--- TASK DIRECTIONS ---
In the records below, find the line containing "illustration of playing" and transcribe it and every line after it exactly; leave the pictures out.

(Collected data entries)
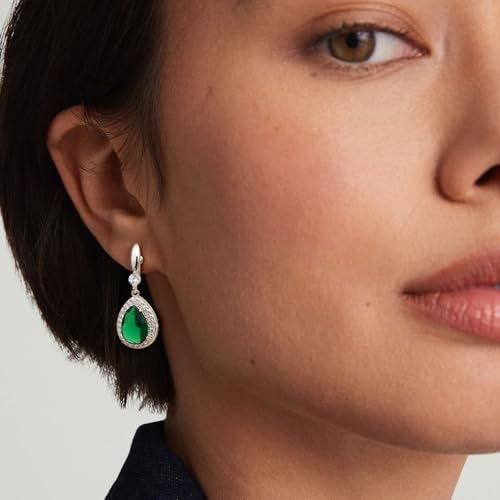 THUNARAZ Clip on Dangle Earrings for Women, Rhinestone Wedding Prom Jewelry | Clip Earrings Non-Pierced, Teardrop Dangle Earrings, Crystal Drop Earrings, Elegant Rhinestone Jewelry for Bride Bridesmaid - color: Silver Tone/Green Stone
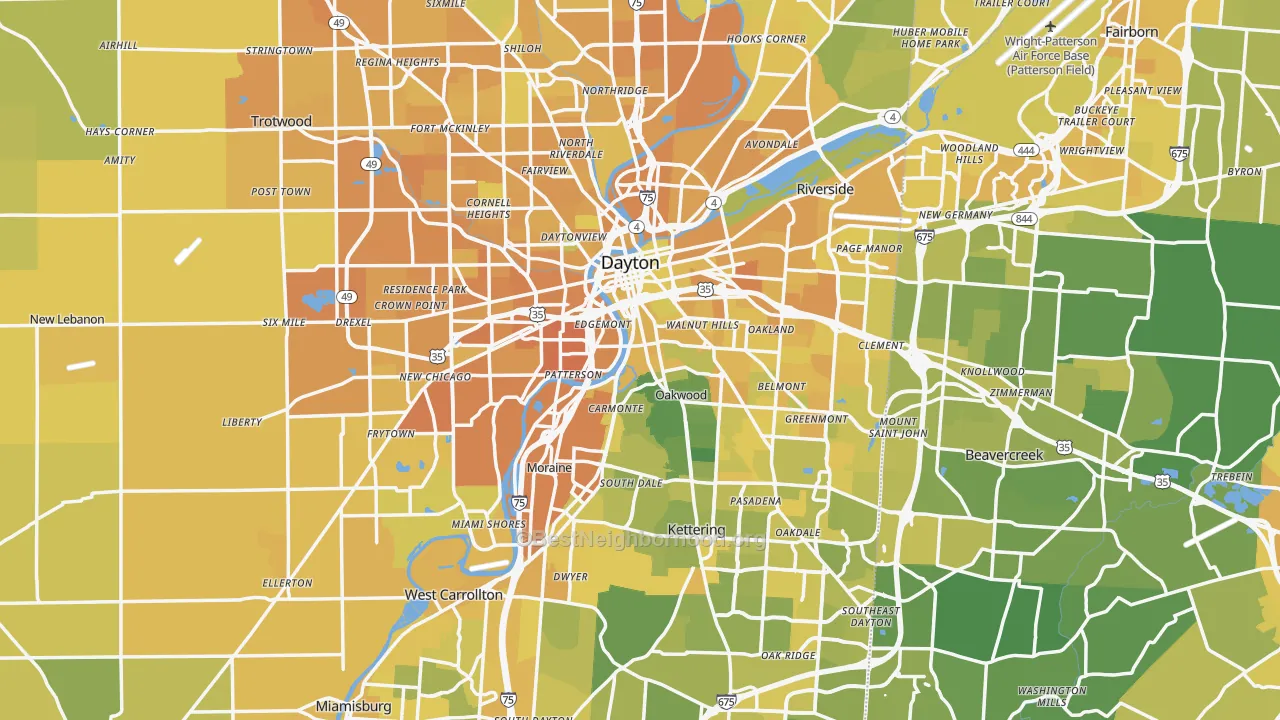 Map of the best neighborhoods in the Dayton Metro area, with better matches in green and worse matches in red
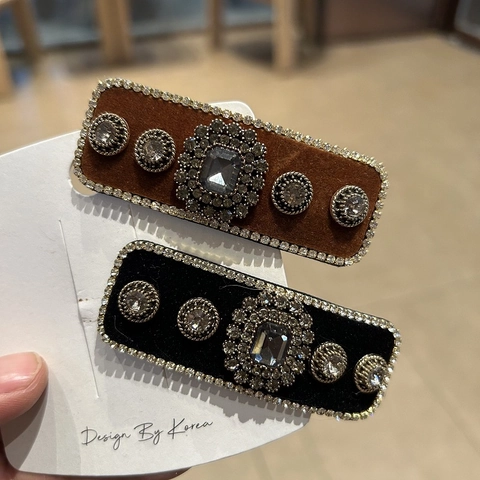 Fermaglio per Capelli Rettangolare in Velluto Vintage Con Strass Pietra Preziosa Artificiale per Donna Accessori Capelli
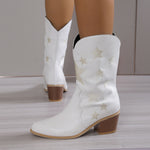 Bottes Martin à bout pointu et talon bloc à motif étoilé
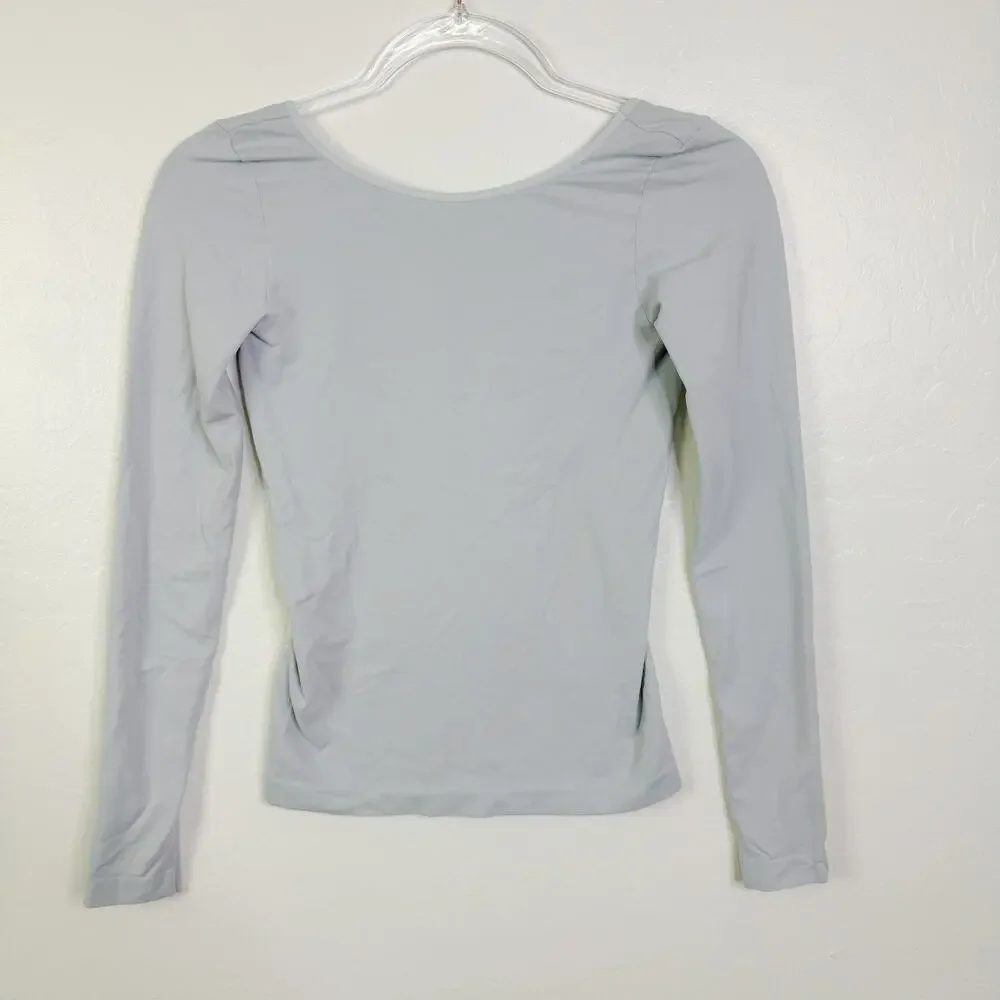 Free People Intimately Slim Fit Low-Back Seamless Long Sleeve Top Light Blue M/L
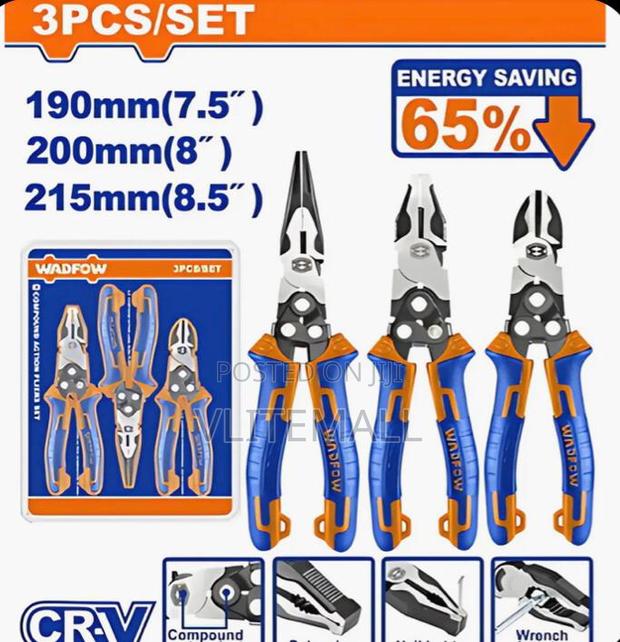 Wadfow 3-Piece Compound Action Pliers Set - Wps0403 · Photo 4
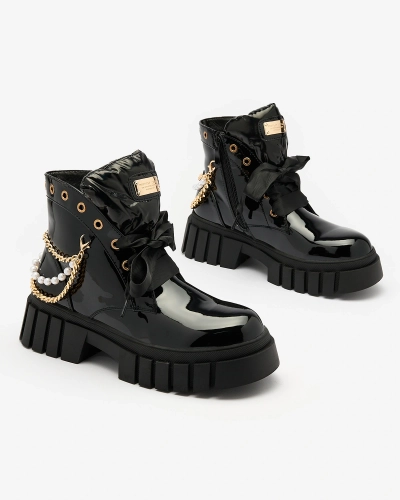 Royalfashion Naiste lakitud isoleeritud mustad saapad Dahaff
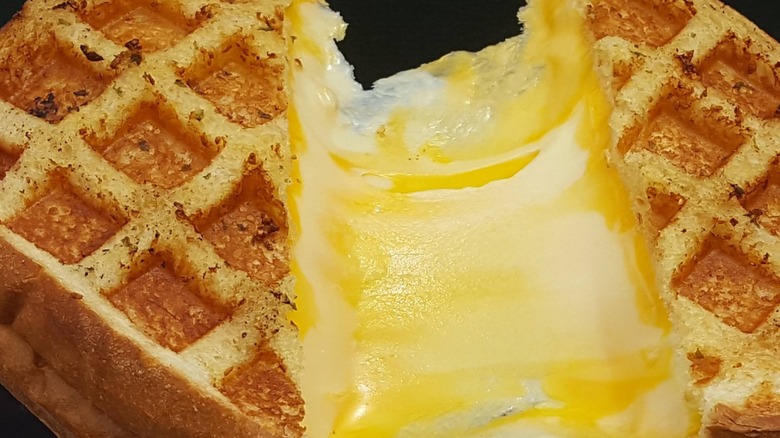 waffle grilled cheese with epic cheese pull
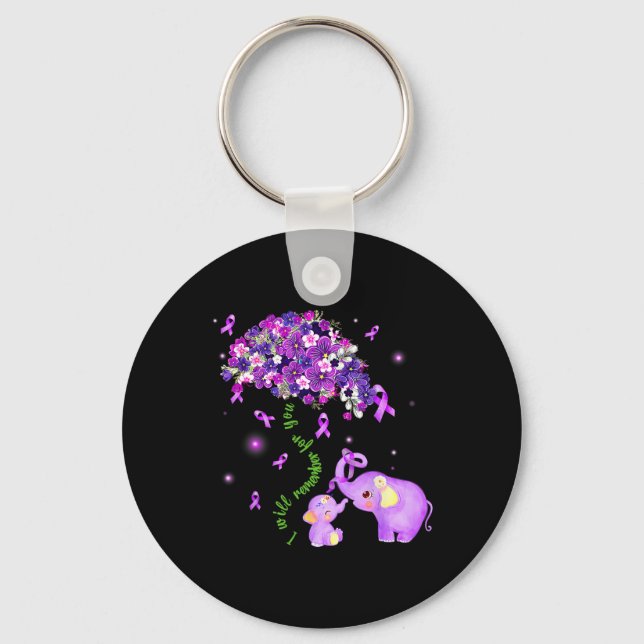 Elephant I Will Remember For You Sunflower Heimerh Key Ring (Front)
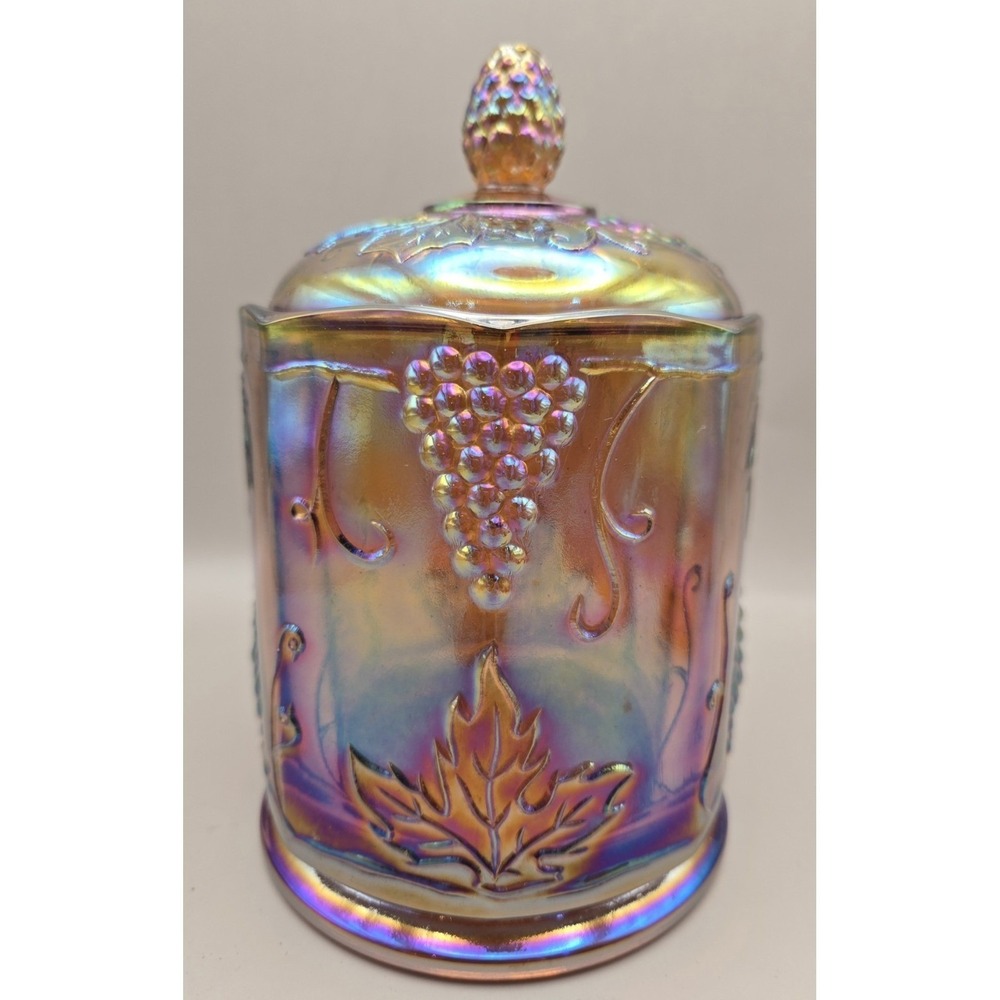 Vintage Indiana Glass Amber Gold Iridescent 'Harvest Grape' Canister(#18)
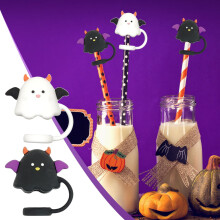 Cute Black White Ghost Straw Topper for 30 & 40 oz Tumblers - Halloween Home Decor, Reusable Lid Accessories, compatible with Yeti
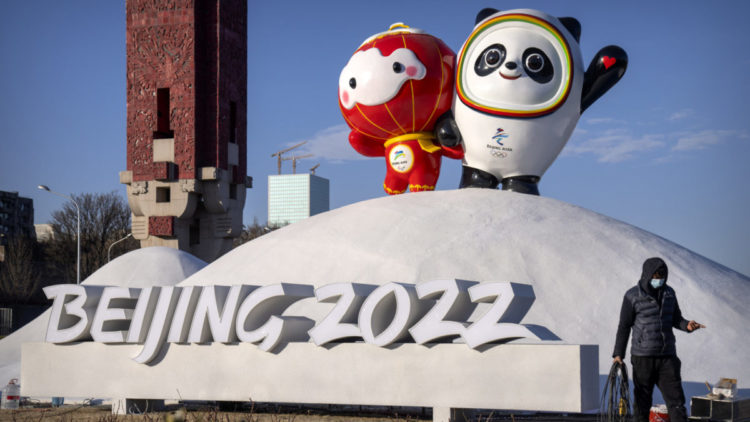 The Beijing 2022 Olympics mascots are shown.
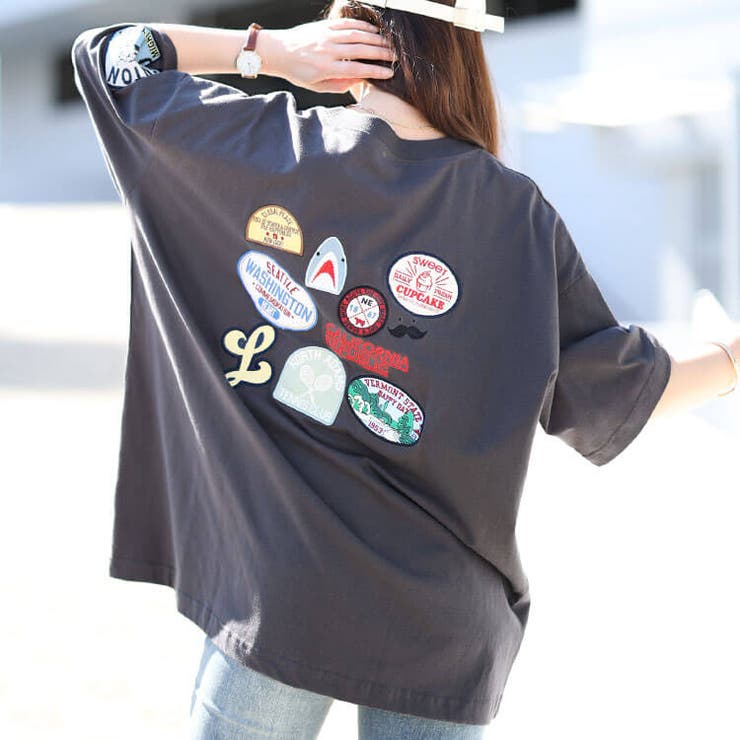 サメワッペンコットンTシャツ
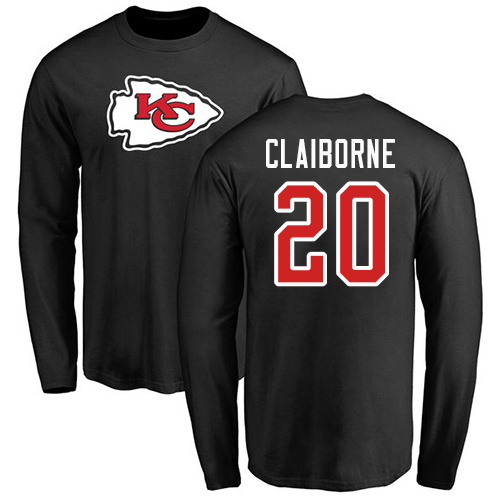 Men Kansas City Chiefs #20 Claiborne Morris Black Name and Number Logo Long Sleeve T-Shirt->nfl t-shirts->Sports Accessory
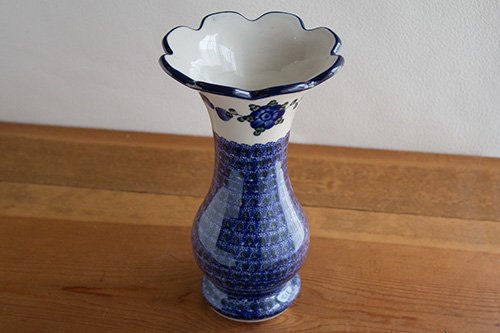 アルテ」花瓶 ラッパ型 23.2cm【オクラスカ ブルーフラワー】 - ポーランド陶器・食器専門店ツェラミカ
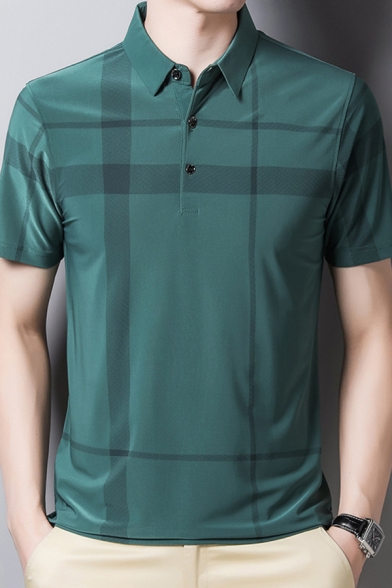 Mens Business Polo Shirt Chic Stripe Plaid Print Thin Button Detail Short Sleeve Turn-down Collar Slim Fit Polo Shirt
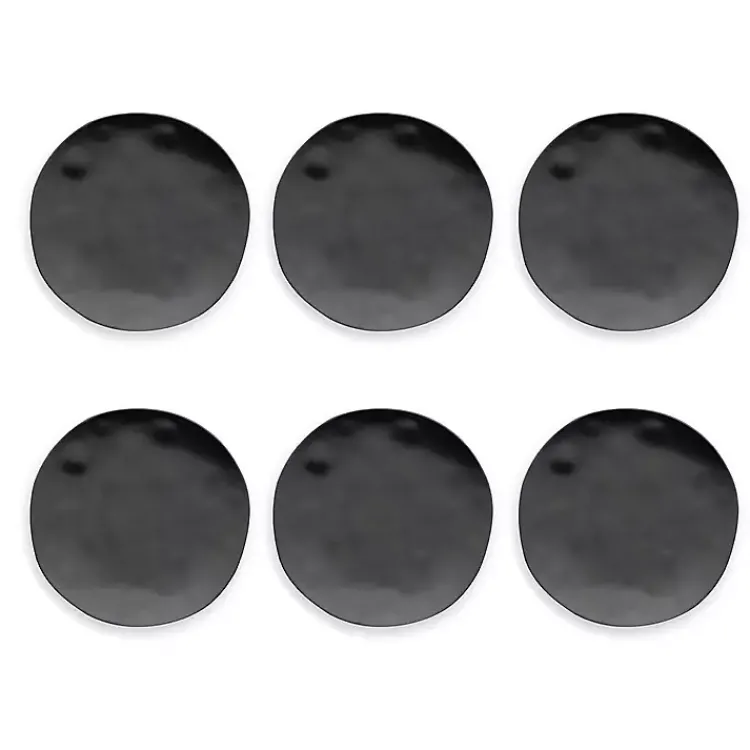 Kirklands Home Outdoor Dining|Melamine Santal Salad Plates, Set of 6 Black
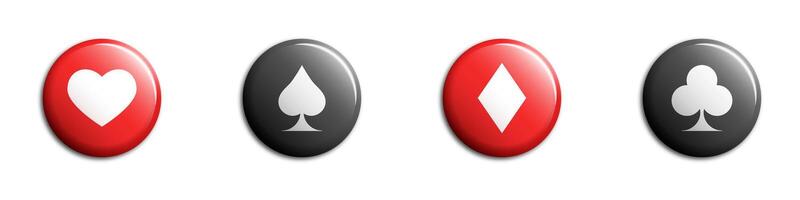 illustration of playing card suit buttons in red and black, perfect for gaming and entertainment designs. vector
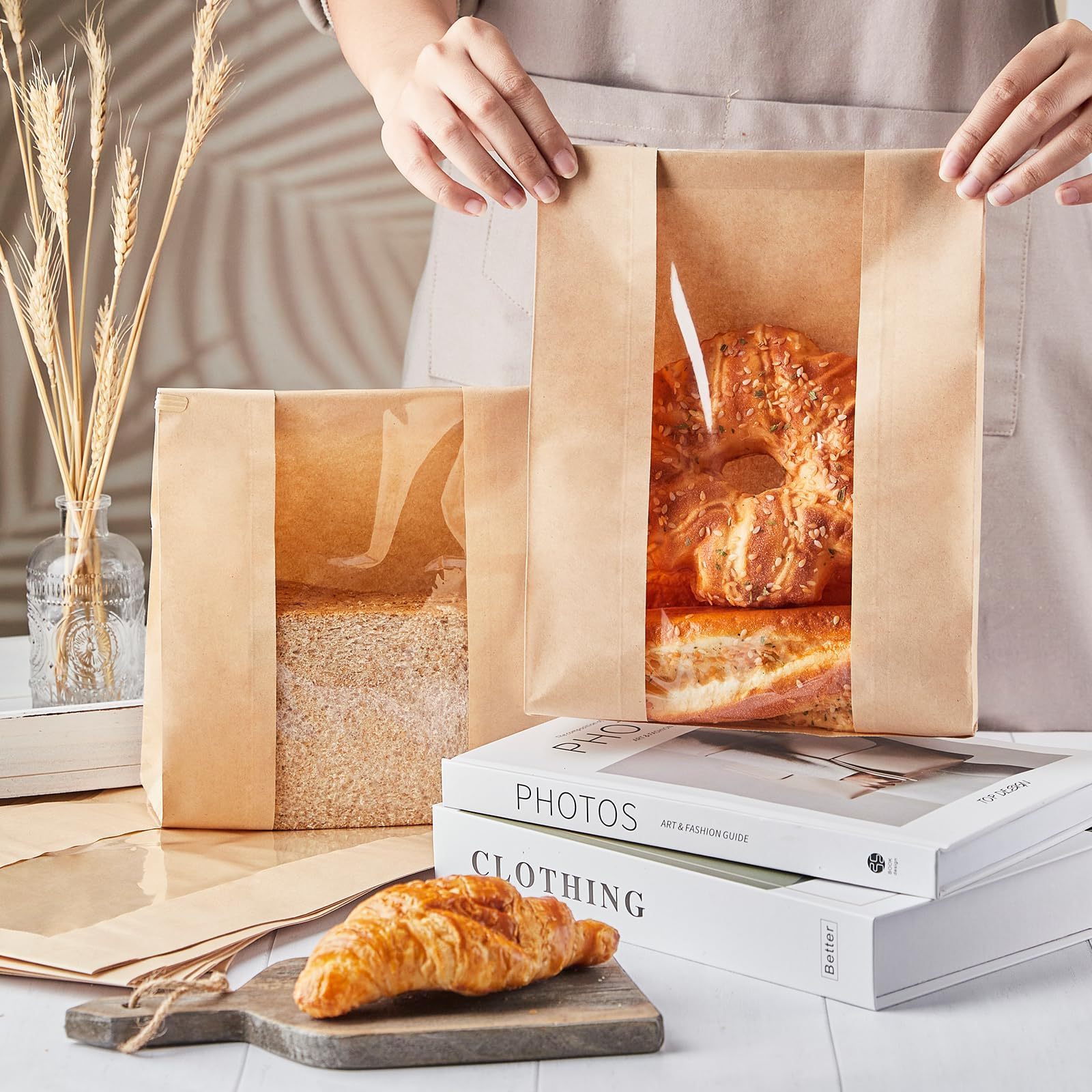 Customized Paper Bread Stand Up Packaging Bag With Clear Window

--- RESPONSE AREA ---
 illustration of playing card suit buttons in red and black, perfect for gaming and entertainment designs. vector
 Customized Paper Bread Stand Up Packaging Bag With Clear Window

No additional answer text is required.